The after-effects of the 2017 hurricanes Harvey, Irma, and Maria, as well as excess capital, are hindering positive ratings movement in the marine reinsurance sector, says Willis Re.
This was revealed in Willis Re’s 1st View report, which also said that abundant capacity across marine classes and attritional losses had curbed pressure for upwards movement in ratings. International cedants are working to expand their coverage and territorial scope, as a means to extract more value from their reinsurance partners.
Furthermore, carriers that offer cargo lines are under extreme pressure to seek increased ratings, with the impact of hurricane losses still being felt and the negative cargo results over the past few years. Reductions on cargo accounts have largely become a thing of the past, the report said.
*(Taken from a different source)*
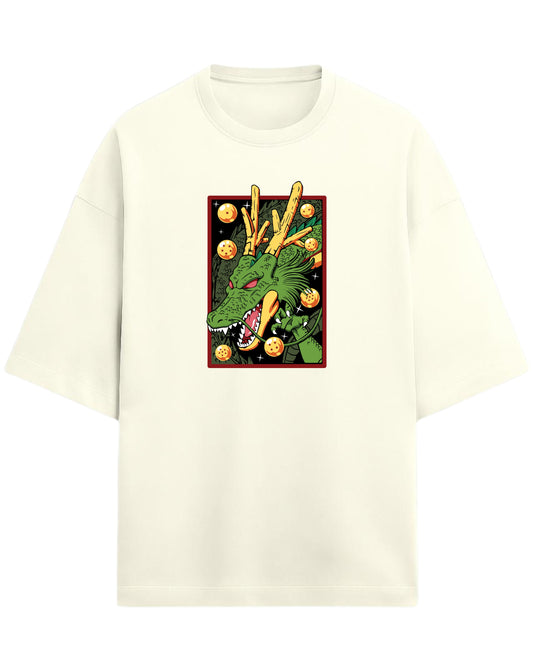 Shenron Oversized T-Shirt | Dragon Ball Z Eternal Dragon Graphic Tee | Premium 260 GSM Cotton Blend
However, Gulf of Mexico windstorm coverage continues to attract rating increases as reinsurers seek to redress the balance between sustainable pricing and supporting clients in challenging market conditions.
Other marine lines which have had flat to slightly improved ratings are the specie market, energy facultative reinsurers, and the P&I reinsurance market. Energy facultative insurers, in particular, have market capacity at an all-time high, allowing buyers to weigh the benefits of maintaining existing relationships against potential pricing reductions offered by alternative partners.
The P&I reinsurance market saw reinsurers hold firm on maintaining rating levels and firmly resisting requests for reductions. Reassureds are opting to focus on coverage expansion when forming renewal strategies, the report said.